Rising demand… A new audience… An increase in stageside leads… Peak season gigs… Or sudden fame…

You’ve seen one of these five triggers in play…

And you’re ready to take the plunge…

It’s time to increase your quotable fee!

:: Cue awesome soundtrack ::

First off, I’m thrilled for you. It’s exhilarating when one of your speeches starts performing really well. It’s even more exciting when you have the opportunity to maximize your revenue with some simple pricing strategy.

Remember, you will set our quotable fee based on a specific speech. That’s why I have a higher rate for my long-running Loyalty Loop speech than my brand-new Pyramid of Influence speech.

Today, we’ll look at how you should increase your fees when each of the 5 triggers is in play. If you don’t go about this the right way, you risk taking all that newfound opportunity… and ruining it.

Trigger #1: You’re Winning More than 50% of Your Gigs

Test the market with just 5-10% increases.

If you’re tracking all of your dates, inquiries, fees, and wins, it should be easy to see precisely when your win percentage exceeds 50%.

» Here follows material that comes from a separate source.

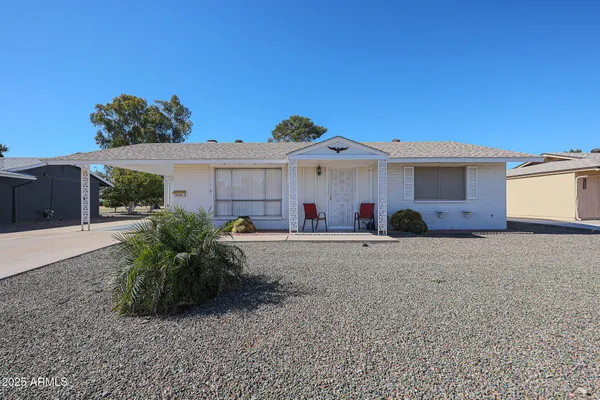 a front view of a house with a yard and a garage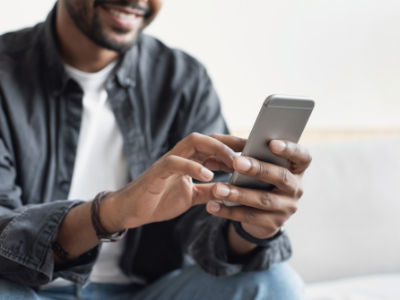 Man using cell phone - face only partially shown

When your demand is really high, and you’re winning all your gigs, it’s time to increase your fee.

My suggestion is that you don’t just pick a blanket number. Instead, increase it in small increments for each new inquiry you get. You’re trying to test the market with just 5-10% increases.

Keep doing this until you start to hear people balk. This is when event organizers begin saying things like: “Wow… that’s a little outside our budget. Let me think about it.” When this happens… back off a bit. Drop the fee down a bit for the subsequent inquiry.

Know and track the reasons you lose gigs so you can adjust your fee.